### Work instruction
Nothing but the pictures should be dropped when the records are transcribed word for word.

** Data records follows **

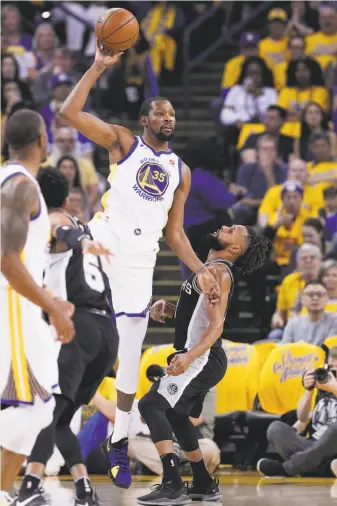  ?? Carlos Avila Gonzalez / The Chronicle ?? The Warriors’ Kevin Durant looks to pass off over the Spurs’ Patty Mills in the first half. Durant is 9 inches taller than Mills, and the height disadvanta­ge was telling throughout the game.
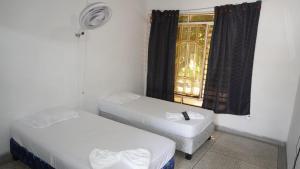 two beds in a room with a window at Hogar de Paso Santa Teresa in Cúcuta
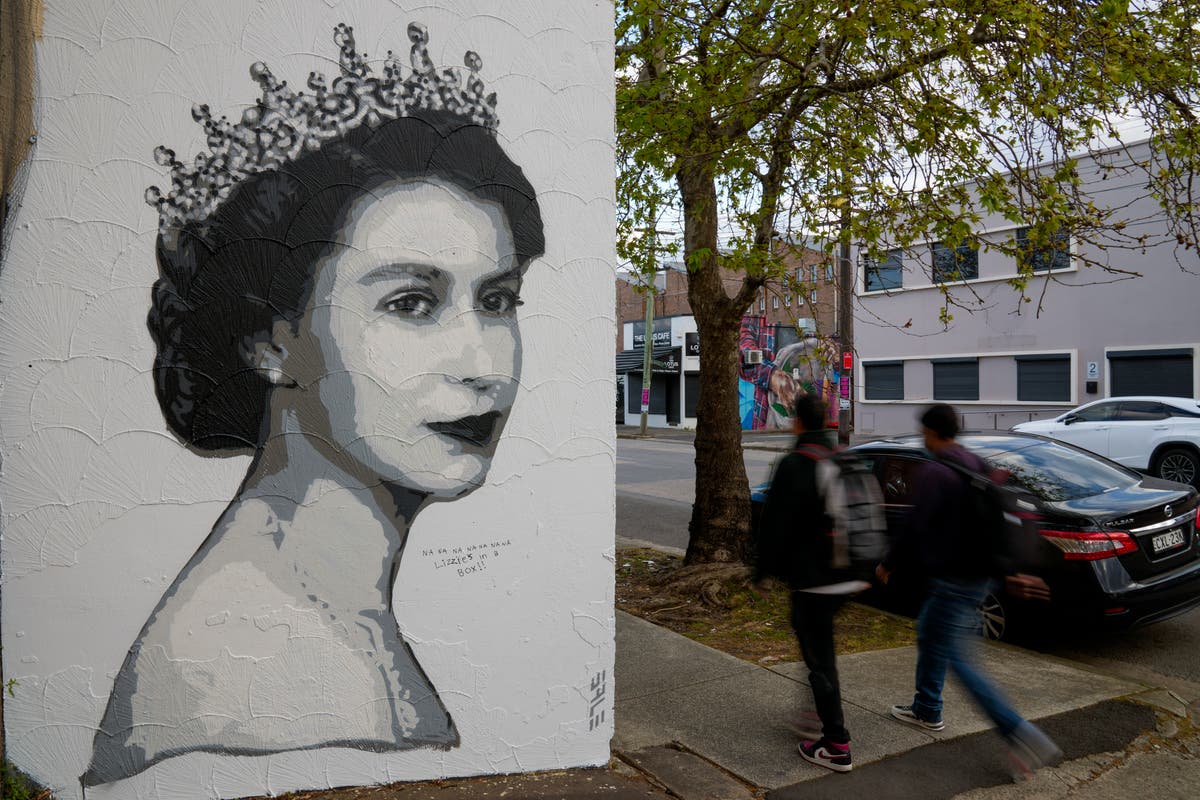 Union Jack set on fire while Australia marks national day of mourning for Queen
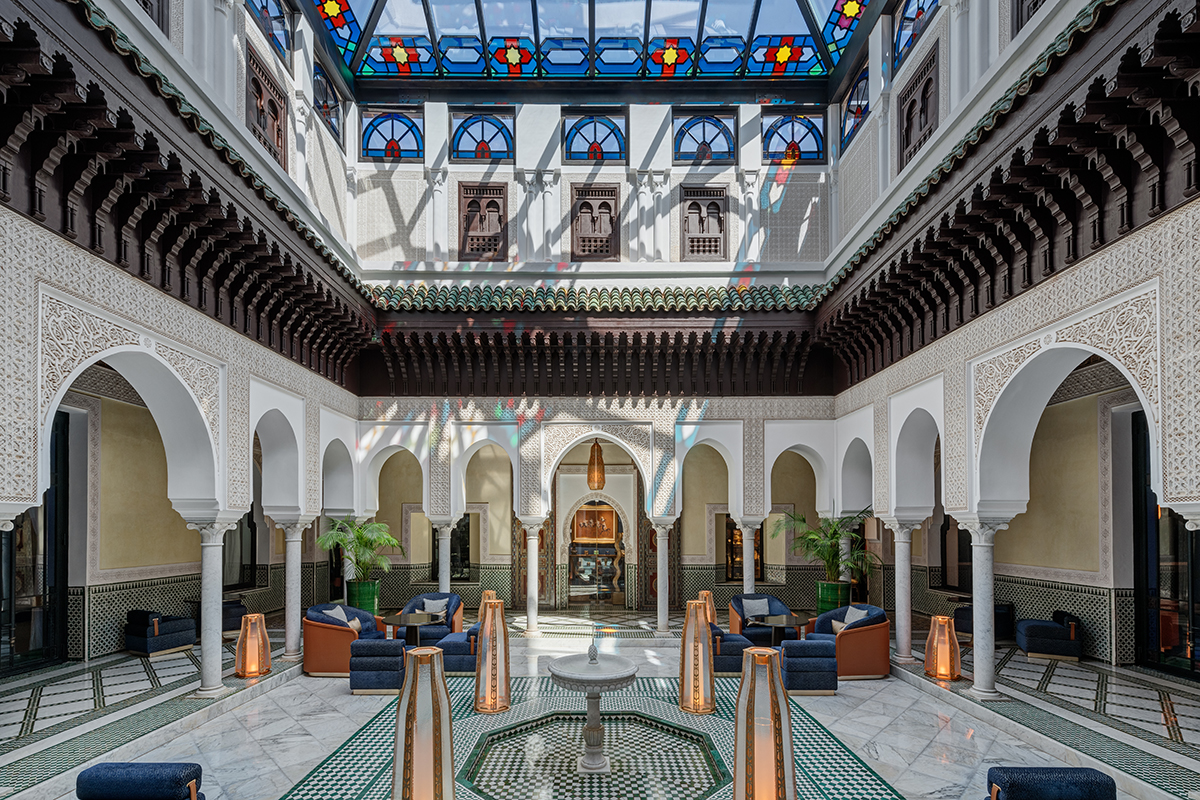 An ornate courtyard with a central fountain and a stained-glass ceiling. The fountain has multiple tiers and a cascading water feature. The stained-glass ceiling is colorful and geometric.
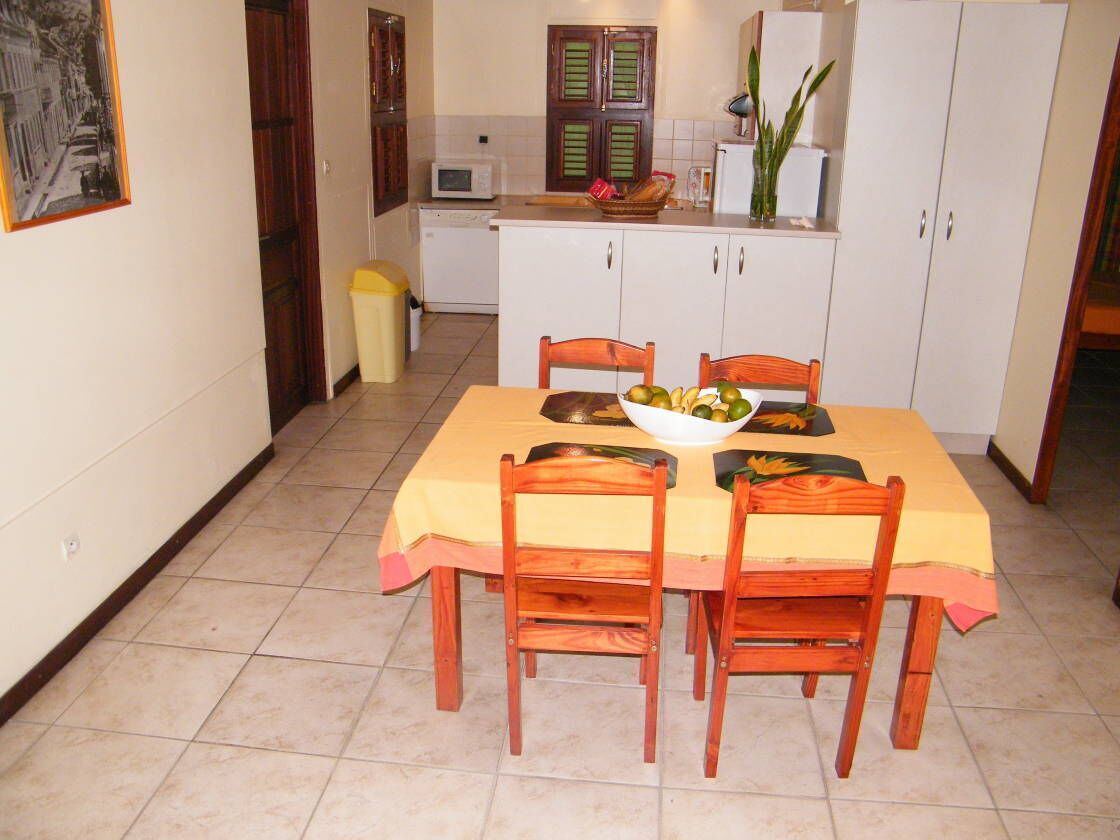 Un coin repas avec une table dressée pour quatre personnes, un four à micro-ondes, des placards et une poubelle.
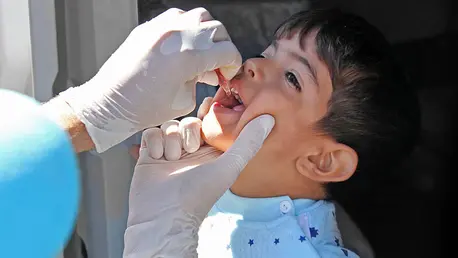 Child being given medicine by dropper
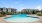 a swimming pool in front of a house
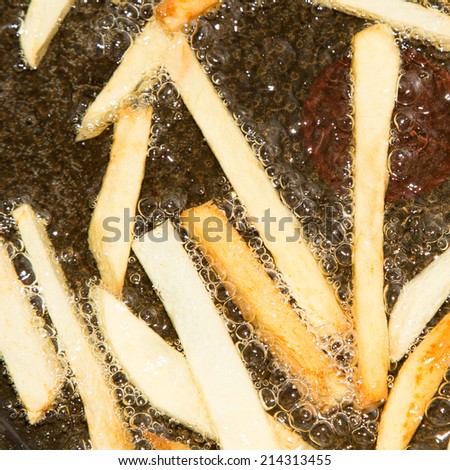 French fries are fried in a pan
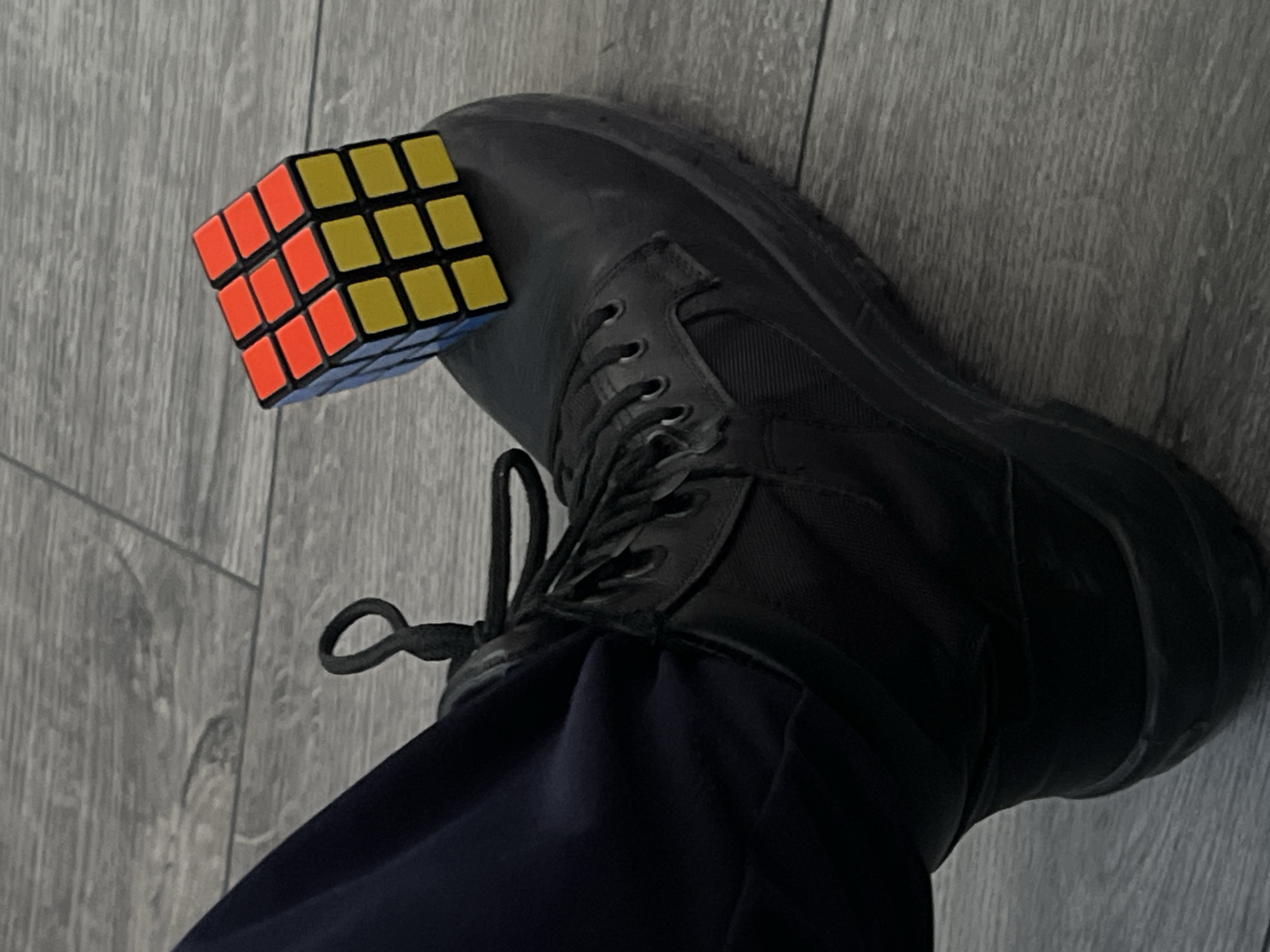 Person in uniform clothing observed with Rubik's Cube boot display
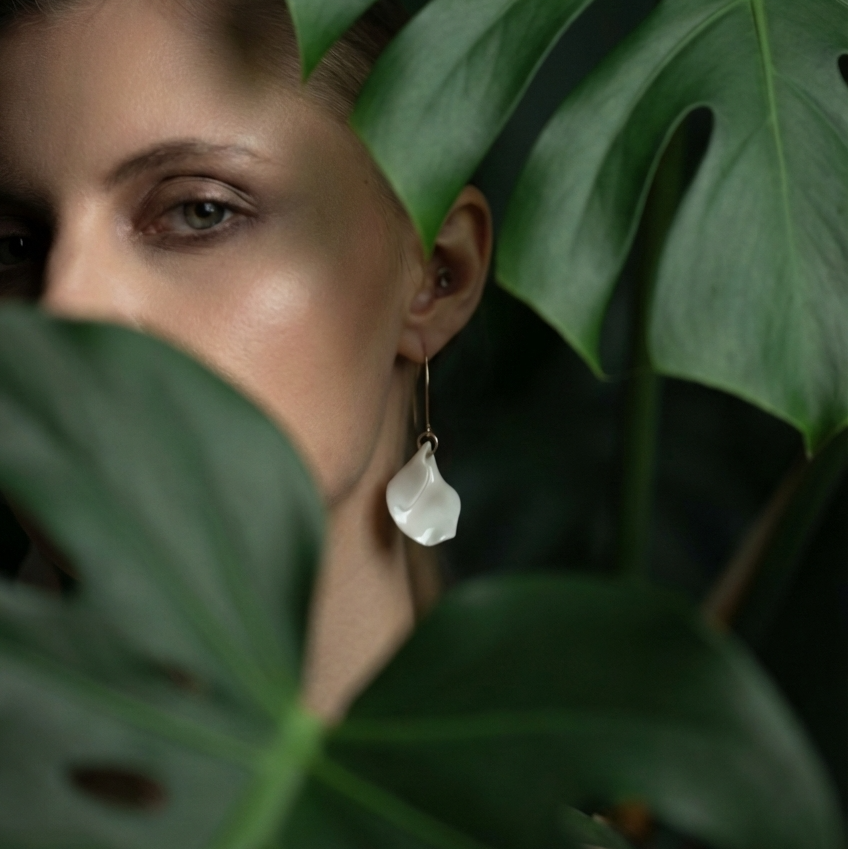 A close-up lifestyle shot of a woman wearing a delicate white teardrop dangle earring, framed by large green monstera leaves.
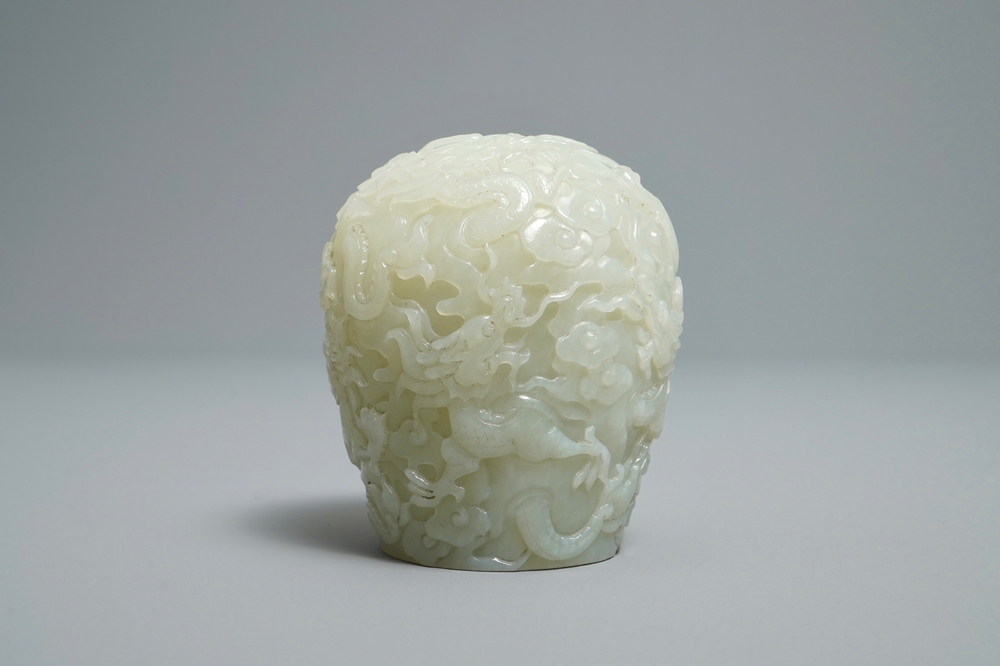 A Chinese celadon jade 'dragon' finial for a stupa, 19/20th C.
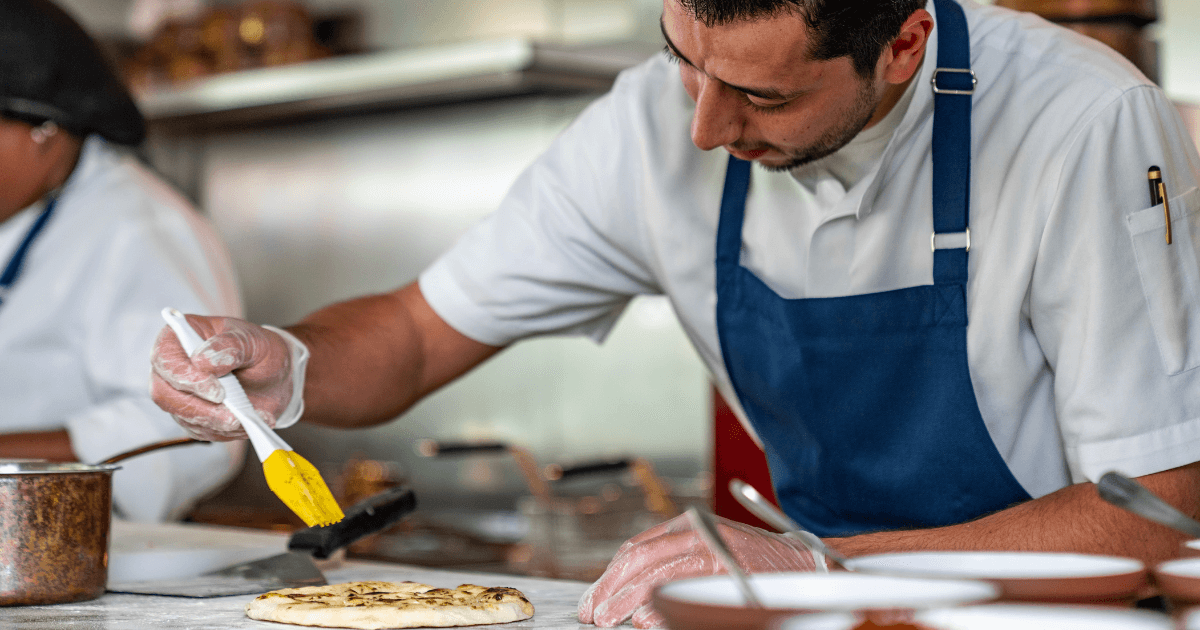 A focused chef in a kitchen at Assembly restaurant, Expo City Dubai, garnishes a flatbread, showcasing culinary expertise and attention to detail in a professional restaurant setting.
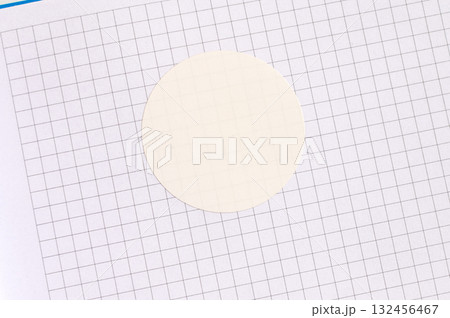 Blank circle sticker on graph paper with gridded background for design and craft use 132456467
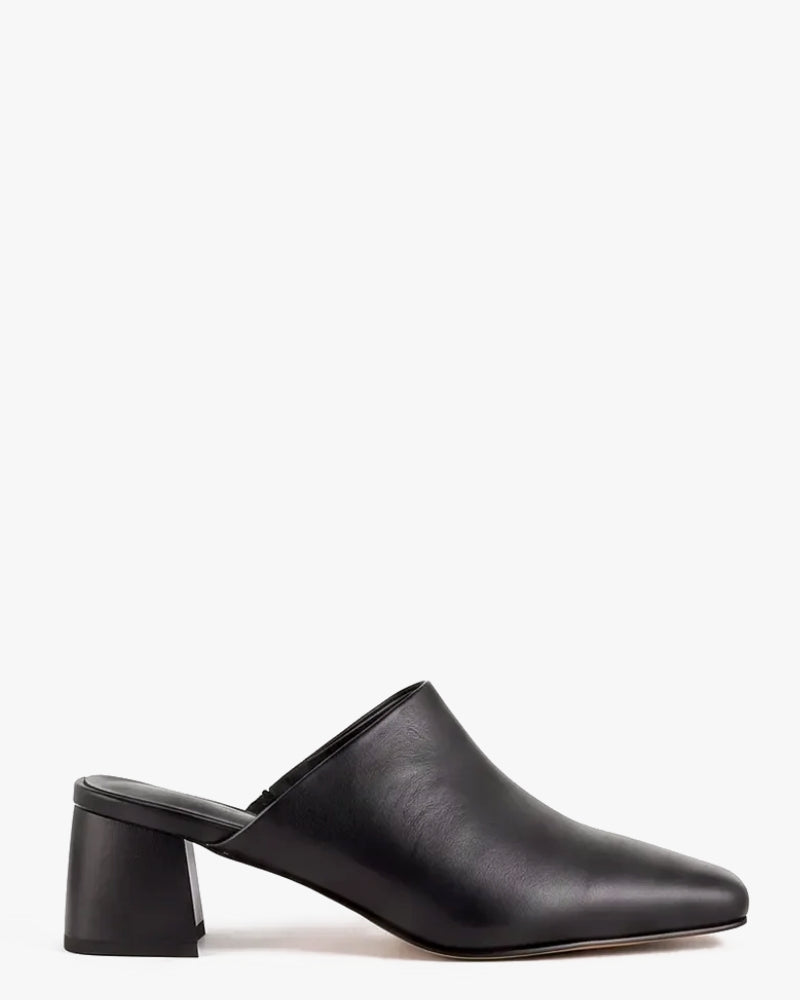 A single black leather mule shoe with a pointed toe and a chunky block heel, shown in profile against a plain white background.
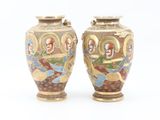 pair of asian vases on a white background with a white background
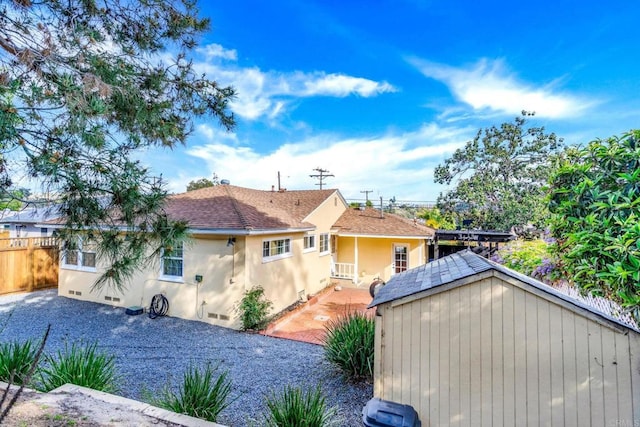 4920 Elsa Rd, San Diego, CA 92120 - back of house with stucco siding, a shingled roof, and crawl space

** End of Data records **

### Output below
  ?? Carlos Avila Gonzalez / The Chronicle ?? The Warriors’ Kevin Durant looks to pass off over the Spurs’ Patty Mills in the first half. Durant is 9 inches taller than Mills, and the height disadvanta­ge was telling throughout the game.
 two beds in a room with a window at Hogar de Paso Santa Teresa in Cúcuta
 Union Jack set on fire while Australia marks national day of mourning for Queen
 An ornate courtyard with a central fountain and a stained-glass ceiling. The fountain has multiple tiers and a cascading water feature. The stained-glass ceiling is colorful and geometric.
 Un coin repas avec une table dressée pour quatre personnes, un four à micro-ondes, des placards et une poubelle.
 Child being given medicine by dropper
 a swimming pool in front of a house
 French fries are fried in a pan
 Person in uniform clothing observed with Rubik's Cube boot display
 A close-up lifestyle shot of a woman wearing a delicate white teardrop dangle earring, framed by large green monstera leaves.
 A Chinese celadon jade 'dragon' finial for a stupa, 19/20th C.
 A focused chef in a kitchen at Assembly restaurant, Expo City Dubai, garnishes a flatbread, showcasing culinary expertise and attention to detail in a professional restaurant setting.
 Blank circle sticker on graph paper with gridded background for design and craft use 132456467
 A single black leather mule shoe with a pointed toe and a chunky block heel, shown in profile against a plain white background.
 pair of asian vases on a white background with a white background
 4920 Elsa Rd, San Diego, CA 92120 - back of house with stucco siding, a shingled roof, and crawl space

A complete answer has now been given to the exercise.